Data excerpts:
○ ○ ○ ○ ○

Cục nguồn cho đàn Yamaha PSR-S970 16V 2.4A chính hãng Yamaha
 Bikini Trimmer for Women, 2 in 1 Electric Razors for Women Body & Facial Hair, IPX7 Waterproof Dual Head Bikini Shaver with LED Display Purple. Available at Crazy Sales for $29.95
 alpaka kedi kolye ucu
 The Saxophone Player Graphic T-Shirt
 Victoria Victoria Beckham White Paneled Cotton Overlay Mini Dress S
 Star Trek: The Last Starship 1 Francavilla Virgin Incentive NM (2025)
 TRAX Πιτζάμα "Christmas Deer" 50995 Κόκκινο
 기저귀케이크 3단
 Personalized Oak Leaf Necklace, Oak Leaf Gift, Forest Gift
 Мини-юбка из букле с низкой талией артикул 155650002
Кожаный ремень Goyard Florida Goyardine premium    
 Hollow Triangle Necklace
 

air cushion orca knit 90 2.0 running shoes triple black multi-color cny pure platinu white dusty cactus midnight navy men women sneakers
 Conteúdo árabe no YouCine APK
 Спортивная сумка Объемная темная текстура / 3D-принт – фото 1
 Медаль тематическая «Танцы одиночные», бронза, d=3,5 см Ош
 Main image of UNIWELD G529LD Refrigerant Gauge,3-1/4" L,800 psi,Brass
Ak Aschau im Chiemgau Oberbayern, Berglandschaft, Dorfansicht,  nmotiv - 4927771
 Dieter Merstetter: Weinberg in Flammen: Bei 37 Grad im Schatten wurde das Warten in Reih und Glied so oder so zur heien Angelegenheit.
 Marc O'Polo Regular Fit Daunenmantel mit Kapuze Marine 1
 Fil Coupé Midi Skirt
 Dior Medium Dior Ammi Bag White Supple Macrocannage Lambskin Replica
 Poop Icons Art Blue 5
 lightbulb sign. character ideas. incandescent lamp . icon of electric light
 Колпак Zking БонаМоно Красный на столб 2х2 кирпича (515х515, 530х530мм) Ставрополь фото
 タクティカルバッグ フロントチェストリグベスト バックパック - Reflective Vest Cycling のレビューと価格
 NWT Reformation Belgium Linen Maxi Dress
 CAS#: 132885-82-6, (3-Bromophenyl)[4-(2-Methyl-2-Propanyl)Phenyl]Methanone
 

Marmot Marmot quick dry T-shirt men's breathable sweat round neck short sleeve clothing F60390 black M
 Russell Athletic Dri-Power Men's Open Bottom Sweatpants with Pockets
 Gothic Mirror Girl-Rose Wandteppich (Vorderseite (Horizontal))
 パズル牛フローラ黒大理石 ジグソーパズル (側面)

○ ○ ○ ○ ○

What is needed: None of the records may be skipped; each is to be repeated exactly.

Response to this exercise:
Cục nguồn cho đàn Yamaha PSR-S970 16V 2.4A chính hãng Yamaha
 Bikini Trimmer for Women, 2 in 1 Electric Razors for Women Body & Facial Hair, IPX7 Waterproof Dual Head Bikini Shaver with LED Display Purple. Available at Crazy Sales for $29.95
 alpaka kedi kolye ucu
 The Saxophone Player Graphic T-Shirt
 Victoria Victoria Beckham White Paneled Cotton Overlay Mini Dress S
 Star Trek: The Last Starship 1 Francavilla Virgin Incentive NM (2025)
 TRAX Πιτζάμα "Christmas Deer" 50995 Κόκκινο
 기저귀케이크 3단
 Personalized Oak Leaf Necklace, Oak Leaf Gift, Forest Gift
 Мини-юбка из букле с низкой талией артикул 155650002
Кожаный ремень Goyard Florida Goyardine premium    
 Hollow Triangle Necklace
 

air cushion orca knit 90 2.0 running shoes triple black multi-color cny pure platinu white dusty cactus midnight navy men women sneakers
 Conteúdo árabe no YouCine APK
 Спортивная сумка Объемная темная текстура / 3D-принт – фото 1
 Медаль тематическая «Танцы одиночные», бронза, d=3,5 см Ош
 Main image of UNIWELD G529LD Refrigerant Gauge,3-1/4" L,800 psi,Brass
Ak Aschau im Chiemgau Oberbayern, Berglandschaft, Dorfansicht,  nmotiv - 4927771
 Dieter Merstetter: Weinberg in Flammen: Bei 37 Grad im Schatten wurde das Warten in Reih und Glied so oder so zur heien Angelegenheit.
 Marc O'Polo Regular Fit Daunenmantel mit Kapuze Marine 1
 Fil Coupé Midi Skirt
 Dior Medium Dior Ammi Bag White Supple Macrocannage Lambskin Replica
 Poop Icons Art Blue 5
 lightbulb sign. character ideas. incandescent lamp . icon of electric light
 Колпак Zking БонаМоно Красный на столб 2х2 кирпича (515х515, 530х530мм) Ставрополь фото
 タクティカルバッグ フロントチェストリグベスト バックパック - Reflective Vest Cycling のレビューと価格
 NWT Reformation Belgium Linen Maxi Dress
 CAS#: 132885-82-6, (3-Bromophenyl)[4-(2-Methyl-2-Propanyl)Phenyl]Methanone
 

Marmot Marmot quick dry T-shirt men's breathable sweat round neck short sleeve clothing F60390 black M
 Russell Athletic Dri-Power Men's Open Bottom Sweatpants with Pockets
 Gothic Mirror Girl-Rose Wandteppich (Vorderseite (Horizontal))
 パズル牛フローラ黒大理石 ジグソーパズル (側面)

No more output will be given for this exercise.